The problem:
What you return should match every entry, character for character.

Source data: Begin

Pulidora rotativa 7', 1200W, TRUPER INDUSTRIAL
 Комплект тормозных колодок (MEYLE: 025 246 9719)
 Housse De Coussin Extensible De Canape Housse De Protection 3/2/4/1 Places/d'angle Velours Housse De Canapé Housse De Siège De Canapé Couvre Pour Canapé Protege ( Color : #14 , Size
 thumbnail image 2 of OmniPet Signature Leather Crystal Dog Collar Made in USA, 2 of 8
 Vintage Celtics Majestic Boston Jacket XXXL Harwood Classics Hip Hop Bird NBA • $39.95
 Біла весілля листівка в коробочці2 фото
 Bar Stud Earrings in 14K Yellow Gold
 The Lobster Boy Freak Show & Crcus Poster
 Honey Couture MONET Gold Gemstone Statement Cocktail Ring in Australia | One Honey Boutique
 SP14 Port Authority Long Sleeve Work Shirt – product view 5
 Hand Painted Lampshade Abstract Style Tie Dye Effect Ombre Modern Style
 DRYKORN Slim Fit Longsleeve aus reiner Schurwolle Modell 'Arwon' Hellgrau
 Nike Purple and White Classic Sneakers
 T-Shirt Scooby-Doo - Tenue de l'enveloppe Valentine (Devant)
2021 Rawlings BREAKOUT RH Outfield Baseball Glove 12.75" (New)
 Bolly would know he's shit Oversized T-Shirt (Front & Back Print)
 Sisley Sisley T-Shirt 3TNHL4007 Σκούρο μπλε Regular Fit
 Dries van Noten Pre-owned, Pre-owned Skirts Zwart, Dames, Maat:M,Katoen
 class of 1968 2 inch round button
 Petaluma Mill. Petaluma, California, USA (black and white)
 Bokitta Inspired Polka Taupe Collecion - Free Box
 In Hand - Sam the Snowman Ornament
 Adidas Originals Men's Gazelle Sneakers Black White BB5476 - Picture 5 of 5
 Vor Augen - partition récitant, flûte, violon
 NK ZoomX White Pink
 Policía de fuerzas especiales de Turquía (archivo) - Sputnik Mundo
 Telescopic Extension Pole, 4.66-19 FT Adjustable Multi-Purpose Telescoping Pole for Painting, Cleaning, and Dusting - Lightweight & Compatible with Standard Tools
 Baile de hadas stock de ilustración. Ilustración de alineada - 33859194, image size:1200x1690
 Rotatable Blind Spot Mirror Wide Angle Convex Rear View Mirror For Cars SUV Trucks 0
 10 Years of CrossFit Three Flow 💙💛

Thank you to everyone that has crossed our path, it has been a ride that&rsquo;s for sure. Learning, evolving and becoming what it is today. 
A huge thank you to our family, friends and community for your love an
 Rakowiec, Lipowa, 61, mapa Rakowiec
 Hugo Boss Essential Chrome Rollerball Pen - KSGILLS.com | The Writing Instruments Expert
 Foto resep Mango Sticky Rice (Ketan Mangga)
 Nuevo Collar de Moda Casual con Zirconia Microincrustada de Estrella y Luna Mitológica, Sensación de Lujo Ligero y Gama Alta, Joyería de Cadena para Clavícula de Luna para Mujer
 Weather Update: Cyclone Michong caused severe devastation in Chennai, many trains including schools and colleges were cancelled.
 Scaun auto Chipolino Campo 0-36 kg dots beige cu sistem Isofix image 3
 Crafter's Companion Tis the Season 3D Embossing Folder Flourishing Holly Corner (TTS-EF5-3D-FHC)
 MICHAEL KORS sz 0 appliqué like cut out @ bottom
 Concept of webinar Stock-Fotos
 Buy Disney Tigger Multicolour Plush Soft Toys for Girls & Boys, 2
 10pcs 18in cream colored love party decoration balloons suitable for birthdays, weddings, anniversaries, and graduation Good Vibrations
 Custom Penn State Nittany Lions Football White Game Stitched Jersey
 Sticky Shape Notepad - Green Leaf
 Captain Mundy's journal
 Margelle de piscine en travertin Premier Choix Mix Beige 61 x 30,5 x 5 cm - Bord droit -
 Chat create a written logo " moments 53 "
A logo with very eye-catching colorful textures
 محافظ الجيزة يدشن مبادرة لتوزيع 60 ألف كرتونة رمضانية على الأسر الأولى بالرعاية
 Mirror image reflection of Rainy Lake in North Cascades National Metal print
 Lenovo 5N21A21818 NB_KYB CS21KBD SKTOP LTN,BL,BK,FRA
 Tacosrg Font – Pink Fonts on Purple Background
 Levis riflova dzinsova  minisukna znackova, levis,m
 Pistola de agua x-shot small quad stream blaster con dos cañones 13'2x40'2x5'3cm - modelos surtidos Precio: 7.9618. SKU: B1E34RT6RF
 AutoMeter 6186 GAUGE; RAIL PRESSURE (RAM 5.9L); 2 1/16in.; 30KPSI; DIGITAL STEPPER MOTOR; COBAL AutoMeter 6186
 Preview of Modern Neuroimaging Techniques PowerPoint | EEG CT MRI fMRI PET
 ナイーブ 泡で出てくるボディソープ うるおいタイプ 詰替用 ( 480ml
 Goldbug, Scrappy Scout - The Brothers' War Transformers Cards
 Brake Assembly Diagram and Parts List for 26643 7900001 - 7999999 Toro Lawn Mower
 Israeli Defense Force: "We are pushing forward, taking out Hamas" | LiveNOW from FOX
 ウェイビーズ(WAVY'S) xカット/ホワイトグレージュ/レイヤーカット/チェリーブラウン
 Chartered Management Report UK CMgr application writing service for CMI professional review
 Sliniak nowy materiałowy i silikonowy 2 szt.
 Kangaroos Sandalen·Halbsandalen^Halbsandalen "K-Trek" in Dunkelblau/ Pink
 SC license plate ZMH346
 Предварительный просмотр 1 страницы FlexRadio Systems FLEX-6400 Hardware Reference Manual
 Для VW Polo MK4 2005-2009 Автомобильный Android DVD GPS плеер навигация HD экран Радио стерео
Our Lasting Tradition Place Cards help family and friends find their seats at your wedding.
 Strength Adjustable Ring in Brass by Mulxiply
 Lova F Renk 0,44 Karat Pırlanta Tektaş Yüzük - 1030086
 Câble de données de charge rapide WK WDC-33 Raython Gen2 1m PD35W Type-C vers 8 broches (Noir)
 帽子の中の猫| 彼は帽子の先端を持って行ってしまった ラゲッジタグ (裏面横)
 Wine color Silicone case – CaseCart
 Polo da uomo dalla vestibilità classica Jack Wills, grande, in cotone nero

Source data: End

Written response:
Pulidora rotativa 7', 1200W, TRUPER INDUSTRIAL
 Комплект тормозных колодок (MEYLE: 025 246 9719)
 Housse De Coussin Extensible De Canape Housse De Protection 3/2/4/1 Places/d'angle Velours Housse De Canapé Housse De Siège De Canapé Couvre Pour Canapé Protege ( Color : #14 , Size
 thumbnail image 2 of OmniPet Signature Leather Crystal Dog Collar Made in USA, 2 of 8
 Vintage Celtics Majestic Boston Jacket XXXL Harwood Classics Hip Hop Bird NBA • $39.95
 Біла весілля листівка в коробочці2 фото
 Bar Stud Earrings in 14K Yellow Gold
 The Lobster Boy Freak Show & Crcus Poster
 Honey Couture MONET Gold Gemstone Statement Cocktail Ring in Australia | One Honey Boutique
 SP14 Port Authority Long Sleeve Work Shirt – product view 5
 Hand Painted Lampshade Abstract Style Tie Dye Effect Ombre Modern Style
 DRYKORN Slim Fit Longsleeve aus reiner Schurwolle Modell 'Arwon' Hellgrau
 Nike Purple and White Classic Sneakers
 T-Shirt Scooby-Doo - Tenue de l'enveloppe Valentine (Devant)
2021 Rawlings BREAKOUT RH Outfield Baseball Glove 12.75" (New)
 Bolly would know he's shit Oversized T-Shirt (Front & Back Print)
 Sisley Sisley T-Shirt 3TNHL4007 Σκούρο μπλε Regular Fit
 Dries van Noten Pre-owned, Pre-owned Skirts Zwart, Dames, Maat:M,Katoen
 class of 1968 2 inch round button
 Petaluma Mill. Petaluma, California, USA (black and white)
 Bokitta Inspired Polka Taupe Collecion - Free Box
 In Hand - Sam the Snowman Ornament
 Adidas Originals Men's Gazelle Sneakers Black White BB5476 - Picture 5 of 5
 Vor Augen - partition récitant, flûte, violon
 NK ZoomX White Pink
 Policía de fuerzas especiales de Turquía (archivo) - Sputnik Mundo
 Telescopic Extension Pole, 4.66-19 FT Adjustable Multi-Purpose Telescoping Pole for Painting, Cleaning, and Dusting - Lightweight & Compatible with Standard Tools
 Baile de hadas stock de ilustración. Ilustración de alineada - 33859194, image size:1200x1690
 Rotatable Blind Spot Mirror Wide Angle Convex Rear View Mirror For Cars SUV Trucks 0
 10 Years of CrossFit Three Flow 💙💛

Thank you to everyone that has crossed our path, it has been a ride that&rsquo;s for sure. Learning, evolving and becoming what it is today. 
A huge thank you to our family, friends and community for your love an
 Rakowiec, Lipowa, 61, mapa Rakowiec
 Hugo Boss Essential Chrome Rollerball Pen - KSGILLS.com | The Writing Instruments Expert
 Foto resep Mango Sticky Rice (Ketan Mangga)
 Nuevo Collar de Moda Casual con Zirconia Microincrustada de Estrella y Luna Mitológica, Sensación de Lujo Ligero y Gama Alta, Joyería de Cadena para Clavícula de Luna para Mujer
 Weather Update: Cyclone Michong caused severe devastation in Chennai, many trains including schools and colleges were cancelled.
 Scaun auto Chipolino Campo 0-36 kg dots beige cu sistem Isofix image 3
 Crafter's Companion Tis the Season 3D Embossing Folder Flourishing Holly Corner (TTS-EF5-3D-FHC)
 MICHAEL KORS sz 0 appliqué like cut out @ bottom
 Concept of webinar Stock-Fotos
 Buy Disney Tigger Multicolour Plush Soft Toys for Girls & Boys, 2
 10pcs 18in cream colored love party decoration balloons suitable for birthdays, weddings, anniversaries, and graduation Good Vibrations
 Custom Penn State Nittany Lions Football White Game Stitched Jersey
 Sticky Shape Notepad - Green Leaf
 Captain Mundy's journal
 Margelle de piscine en travertin Premier Choix Mix Beige 61 x 30,5 x 5 cm - Bord droit -
 Chat create a written logo " moments 53 "
A logo with very eye-catching colorful textures
 محافظ الجيزة يدشن مبادرة لتوزيع 60 ألف كرتونة رمضانية على الأسر الأولى بالرعاية
 Mirror image reflection of Rainy Lake in North Cascades National Metal print
 Lenovo 5N21A21818 NB_KYB CS21KBD SKTOP LTN,BL,BK,FRA
 Tacosrg Font – Pink Fonts on Purple Background
 Levis riflova dzinsova  minisukna znackova, levis,m
 Pistola de agua x-shot small quad stream blaster con dos cañones 13'2x40'2x5'3cm - modelos surtidos Precio: 7.9618. SKU: B1E34RT6RF
 AutoMeter 6186 GAUGE; RAIL PRESSURE (RAM 5.9L); 2 1/16in.; 30KPSI; DIGITAL STEPPER MOTOR; COBAL AutoMeter 6186
 Preview of Modern Neuroimaging Techniques PowerPoint | EEG CT MRI fMRI PET
 ナイーブ 泡で出てくるボディソープ うるおいタイプ 詰替用 ( 480ml
 Goldbug, Scrappy Scout - The Brothers' War Transformers Cards
 Brake Assembly Diagram and Parts List for 26643 7900001 - 7999999 Toro Lawn Mower
 Israeli Defense Force: "We are pushing forward, taking out Hamas" | LiveNOW from FOX
 ウェイビーズ(WAVY'S) xカット/ホワイトグレージュ/レイヤーカット/チェリーブラウン
 Chartered Management Report UK CMgr application writing service for CMI professional review
 Sliniak nowy materiałowy i silikonowy 2 szt.
 Kangaroos Sandalen·Halbsandalen^Halbsandalen "K-Trek" in Dunkelblau/ Pink
 SC license plate ZMH346
 Предварительный просмотр 1 страницы FlexRadio Systems FLEX-6400 Hardware Reference Manual
 Для VW Polo MK4 2005-2009 Автомобильный Android DVD GPS плеер навигация HD экран Радио стерео
Our Lasting Tradition Place Cards help family and friends find their seats at your wedding.
 Strength Adjustable Ring in Brass by Mulxiply
 Lova F Renk 0,44 Karat Pırlanta Tektaş Yüzük - 1030086
 Câble de données de charge rapide WK WDC-33 Raython Gen2 1m PD35W Type-C vers 8 broches (Noir)
 帽子の中の猫| 彼は帽子の先端を持って行ってしまった ラゲッジタグ (裏面横)
 Wine color Silicone case – CaseCart
 Polo da uomo dalla vestibilità classica Jack Wills, grande, in cotone nero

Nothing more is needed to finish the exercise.